Trending News: Have An Older Sister? You May Not Be Competitive Enough

Why Is This Important?

Because big sisters are the worst. Well, they’re the greatest. But they’re also the worst.


Long Story Short

New research suggests men with older sisters are less competitive.



Long Story

Men and boys with older sisters tend to be less competitive, a new study has shown.

A team of researchers led by Okayama University’s Associate Professor Hiroko Okudaira invited 135 high school students and 232 university students (in a follow-up) to participate in a maze challenge and maths test under a modest piece-rate payment system and then a higher stakes tournament system. The resulting paper, Personality and Individual Differences, illustrated that while dudes overall illustrated a greater competitiveness than ladies, those dudes with older sisters were significantly less competitive than male counterparts who were never dragged along to John Hughes films or made to listen to Duran Duran records.

In the first experiment involving mazes and high-school students, 61 percent of males chose to enter the more competitive tournament system compared to 23.4 percent of females. But focusing only on those boys with an older sister, their rate of entry into the tournament option was much lower than other males, at just 38 per cent. In the second experiment with university students and maths problems, men again showed more competitiveness than women but those with an older sister were 21 per cent less likely to enter the tournament option than other men.

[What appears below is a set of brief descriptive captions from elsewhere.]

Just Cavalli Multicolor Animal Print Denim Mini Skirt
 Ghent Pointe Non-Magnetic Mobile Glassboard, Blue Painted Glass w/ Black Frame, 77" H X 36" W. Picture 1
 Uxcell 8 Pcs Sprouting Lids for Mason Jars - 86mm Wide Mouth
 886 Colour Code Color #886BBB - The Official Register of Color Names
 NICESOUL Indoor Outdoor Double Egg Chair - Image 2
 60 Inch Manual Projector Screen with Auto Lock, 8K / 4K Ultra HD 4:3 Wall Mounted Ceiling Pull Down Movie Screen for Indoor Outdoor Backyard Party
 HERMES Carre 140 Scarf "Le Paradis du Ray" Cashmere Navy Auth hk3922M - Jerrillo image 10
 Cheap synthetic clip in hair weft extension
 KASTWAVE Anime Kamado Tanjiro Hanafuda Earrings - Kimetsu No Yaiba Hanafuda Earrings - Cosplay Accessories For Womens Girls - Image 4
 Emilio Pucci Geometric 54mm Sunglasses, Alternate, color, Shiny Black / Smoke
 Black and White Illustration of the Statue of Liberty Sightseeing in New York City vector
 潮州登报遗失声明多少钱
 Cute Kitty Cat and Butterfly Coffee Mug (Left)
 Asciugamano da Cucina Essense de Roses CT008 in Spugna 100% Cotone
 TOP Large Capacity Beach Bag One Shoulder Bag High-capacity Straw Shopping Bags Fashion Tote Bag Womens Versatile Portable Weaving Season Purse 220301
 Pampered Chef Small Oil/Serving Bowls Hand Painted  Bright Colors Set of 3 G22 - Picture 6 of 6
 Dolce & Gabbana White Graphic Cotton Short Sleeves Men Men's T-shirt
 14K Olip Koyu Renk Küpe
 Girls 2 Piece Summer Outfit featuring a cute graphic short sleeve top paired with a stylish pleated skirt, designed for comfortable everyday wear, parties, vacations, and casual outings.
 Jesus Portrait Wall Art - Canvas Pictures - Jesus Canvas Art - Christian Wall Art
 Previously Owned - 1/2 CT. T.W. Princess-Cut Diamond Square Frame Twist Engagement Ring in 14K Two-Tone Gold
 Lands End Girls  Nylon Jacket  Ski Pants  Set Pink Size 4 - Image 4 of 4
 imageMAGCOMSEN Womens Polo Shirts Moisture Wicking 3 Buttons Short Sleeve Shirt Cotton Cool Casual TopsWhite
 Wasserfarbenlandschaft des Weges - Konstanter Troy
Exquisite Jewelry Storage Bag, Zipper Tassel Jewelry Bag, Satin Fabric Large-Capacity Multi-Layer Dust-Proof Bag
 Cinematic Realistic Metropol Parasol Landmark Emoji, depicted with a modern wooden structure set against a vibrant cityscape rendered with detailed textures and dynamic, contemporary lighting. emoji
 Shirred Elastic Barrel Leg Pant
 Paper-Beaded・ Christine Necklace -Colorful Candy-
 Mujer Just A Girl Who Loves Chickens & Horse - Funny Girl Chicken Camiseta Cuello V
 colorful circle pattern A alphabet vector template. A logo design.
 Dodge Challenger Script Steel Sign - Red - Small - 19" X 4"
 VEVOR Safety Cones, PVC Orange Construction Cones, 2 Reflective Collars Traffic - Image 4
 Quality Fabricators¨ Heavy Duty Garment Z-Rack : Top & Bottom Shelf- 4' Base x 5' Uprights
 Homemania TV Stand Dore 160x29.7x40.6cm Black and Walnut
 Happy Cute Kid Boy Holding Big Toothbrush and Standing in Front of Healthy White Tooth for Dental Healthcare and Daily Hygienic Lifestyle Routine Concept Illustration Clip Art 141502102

The researchers found the results held even when accounting for the influence of other potentially complicating factors, such as risk aversion and overconfidence. (As a crazy side note, the researchers found that females with an older sister were more competitive, leading them to behave more like an average man than an average woman.)

So WTF is going on? The researchers have two related theories. The first is role assimilation, where people absorb the gender typical traits of their siblings — e.g. young men getting right into John Hughes films and Duran Duran records. The second is down to research that shows later-borns are often found to be less competitive than first borns, perhaps due to evolutionary aspects such as the pressure to meet parental expectations and the need to defend their stakes against younger rivals. 

So basically, dudes, you can cut all this one of two ways: 1) If you don’t have an older sister you have a greater chance of being successful, or 2) If you don’t have an older sister you have a greater chance of being a stone cold jerk.



Own The Conversation

Ask The Big Question: Does this study hold for cultural differences?

Disrupt Your Feed: How popular are The Breakfast Club and Duran Duran in Japan anyway?

Drop This Fact: According to 2011 research from the University of Chicago, men are 94 percent more likely than women to apply for a job with a salary potential that is dependent on outperforming their colleagues.